Vive-se então uma esperança passiva, um pessimismo cor-de-rosa. “Deixa piorar, que acaba.” Há uma parcela de raiva também. É a atitude do “eu não disse?”.

Tudo o que Bolsonaro faz de detestável termina servindo como uma espécie de lista numa argumentação imaginária. Quanto mais ele continuar, mais ficará provado que nós, oposicionistas, tínhamos razão.

O anti-intelectualismo brutal de Bolsonaro parece encontrar uma espécie de hiperintelectualismo em muitos de seus adversários.

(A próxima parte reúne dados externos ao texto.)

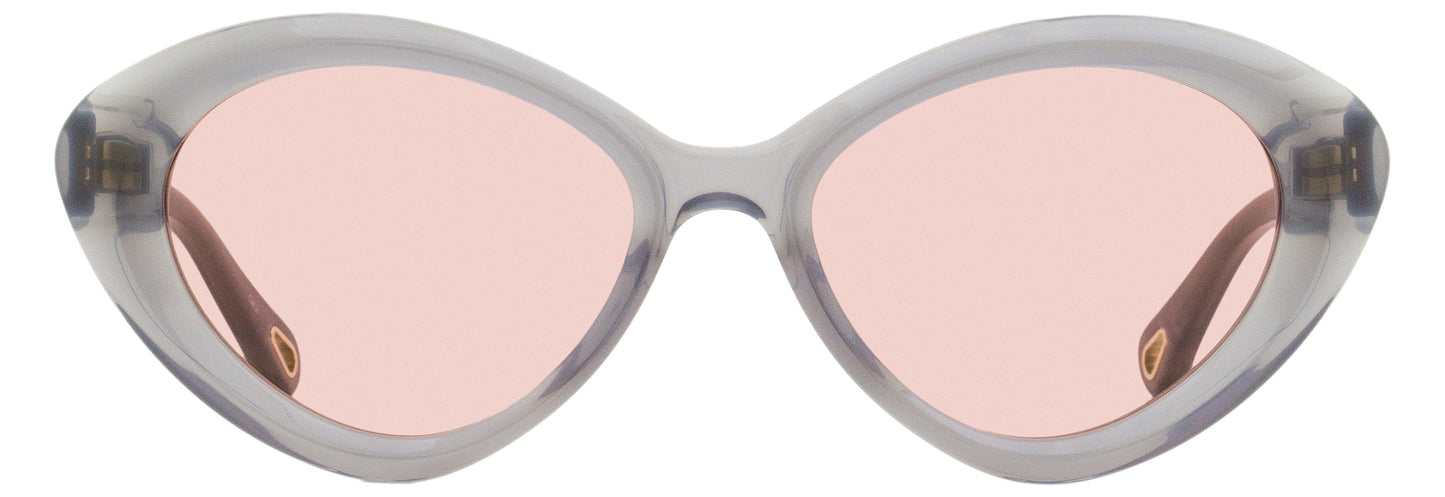 Chloe Cateye Sunglasses CH0050S 001 Translucent Gray 53mm 50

Nunca vi tanta sofisticação de raciocínio para provar que “não é o momento” de lutar
pelo impeachment, ou que manifestações contra o governo “são exatamente o que Bolsonaro deseja”.
Manifestantes de máscara, preocupadíssimos em evitar quebra-quebra, são criticados por entrar “em contradição”.

Mas uma coisa é a extrema direita negar o perigo do coronavírus e usar máscara ao mesmo tempo. Isso é contradição. Ainda por cima, aplaudem o presidente que não usa.

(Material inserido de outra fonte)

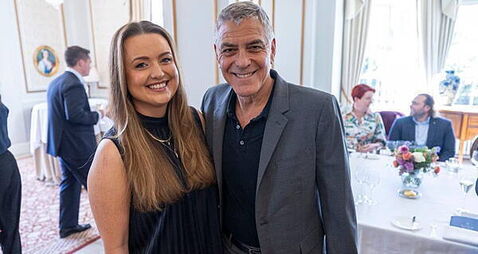 George Clooney given Scotland kit during Gleneagles lunch with prize draw winner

Outra coisa é se manifestar contra Bolsonaro, usando máscara, e tentando (verdade que isso não foi respeitado) manter a distância de dois metros.

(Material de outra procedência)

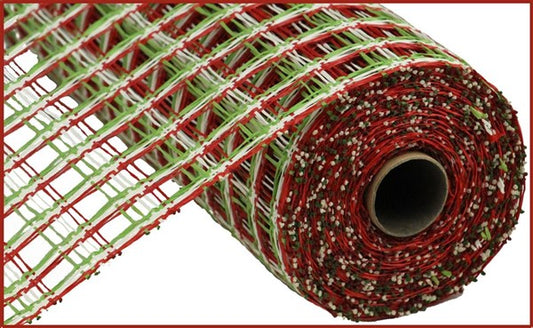 RP8135K4  10" x 10yd Poly Burlap Check Mesh Red/Cream/Lime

A contradição é outra. Está em manter uma aceitação horrorizada; é a crença na cloroquina política do “uma hora cai, não é preciso fazer nada”. É a oposição pelo uso do álcool em gel.

Basta continuar dizendo que Bolsonaro “é um horror” e se congratular por não ter votado nele. Bárbaros, ignorantes! Que asco.

Sei do que estou falando; vejo em mim esse elitismo.

O povão que apoiou Bolsonaro? Bem-feito. Quanto aos gaviões e porcos que protestam, mon Dieu! Quelle exagération.